[[ Entries shown open ]]

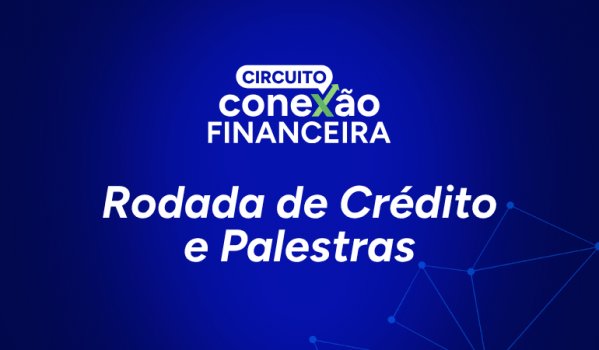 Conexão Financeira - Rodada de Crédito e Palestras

[[ Entries shown closed ]]
[[ Entries shown open ]]

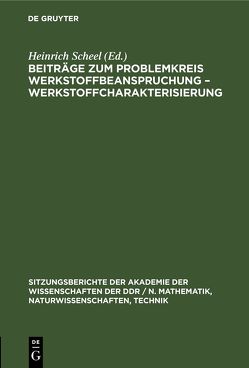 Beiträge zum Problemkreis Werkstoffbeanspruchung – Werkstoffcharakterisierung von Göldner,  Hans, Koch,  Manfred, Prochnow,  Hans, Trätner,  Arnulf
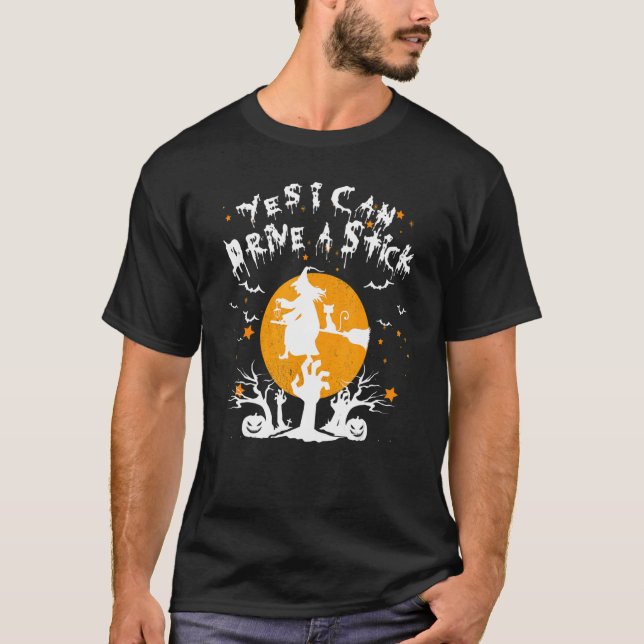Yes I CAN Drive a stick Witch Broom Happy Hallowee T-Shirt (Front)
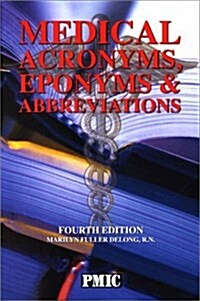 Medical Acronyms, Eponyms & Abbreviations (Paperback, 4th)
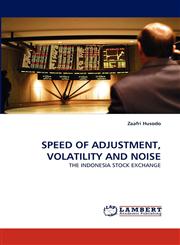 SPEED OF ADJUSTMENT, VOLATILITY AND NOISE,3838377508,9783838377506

[[ Entries shown closed ]]

What is needed is an exact copy of the lines above, from the one holding "Yes I CAN Drive" down to the one holding "SPEED OF ADJUSTMENT, VOLATILITY", with those two included and the pictures left out.

## Answer to this problem
Yes I CAN Drive a stick Witch Broom Happy Hallowee T-Shirt (Front)
 Medical Acronyms, Eponyms & Abbreviations (Paperback, 4th)
 SPEED OF ADJUSTMENT, VOLATILITY AND NOISE,3838377508,9783838377506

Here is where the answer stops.